— What the exercise asks —
Copy out exactly every line from the line containing "行书入门教程:基本笔画偏旁部首写法.jpg" until the records below end, inclusive of both boundary lines.

Collected data entries:
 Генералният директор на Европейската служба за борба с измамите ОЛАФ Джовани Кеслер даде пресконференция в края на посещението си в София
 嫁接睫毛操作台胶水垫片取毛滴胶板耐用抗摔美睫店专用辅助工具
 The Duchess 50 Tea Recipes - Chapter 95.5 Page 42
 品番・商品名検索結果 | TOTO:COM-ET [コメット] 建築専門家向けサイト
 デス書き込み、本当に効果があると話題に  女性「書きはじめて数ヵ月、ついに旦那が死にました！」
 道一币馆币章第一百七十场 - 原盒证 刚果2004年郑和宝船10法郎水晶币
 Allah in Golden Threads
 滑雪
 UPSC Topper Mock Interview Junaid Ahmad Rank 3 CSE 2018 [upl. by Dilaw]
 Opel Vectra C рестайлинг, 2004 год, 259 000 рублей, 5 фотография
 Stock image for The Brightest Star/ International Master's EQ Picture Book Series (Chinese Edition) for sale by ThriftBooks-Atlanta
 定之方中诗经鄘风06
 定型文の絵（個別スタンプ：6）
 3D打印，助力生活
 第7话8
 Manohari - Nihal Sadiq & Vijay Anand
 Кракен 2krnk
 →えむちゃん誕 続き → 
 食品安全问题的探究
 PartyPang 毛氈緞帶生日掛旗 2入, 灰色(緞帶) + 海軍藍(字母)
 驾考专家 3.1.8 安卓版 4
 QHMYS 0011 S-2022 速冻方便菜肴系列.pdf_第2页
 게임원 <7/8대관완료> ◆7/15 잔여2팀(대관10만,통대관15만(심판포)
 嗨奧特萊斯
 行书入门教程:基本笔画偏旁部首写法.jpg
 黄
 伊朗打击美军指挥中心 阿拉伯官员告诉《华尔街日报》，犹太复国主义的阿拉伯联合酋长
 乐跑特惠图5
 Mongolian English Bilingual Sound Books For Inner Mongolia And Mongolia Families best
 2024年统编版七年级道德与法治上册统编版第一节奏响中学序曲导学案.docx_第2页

— Expected answer —
 行书入门教程:基本笔画偏旁部首写法.jpg
 黄
 伊朗打击美军指挥中心 阿拉伯官员告诉《华尔街日报》，犹太复国主义的阿拉伯联合酋长
 乐跑特惠图5
 Mongolian English Bilingual Sound Books For Inner Mongolia And Mongolia Families best
 2024年统编版七年级道德与法治上册统编版第一节奏响中学序曲导学案.docx_第2页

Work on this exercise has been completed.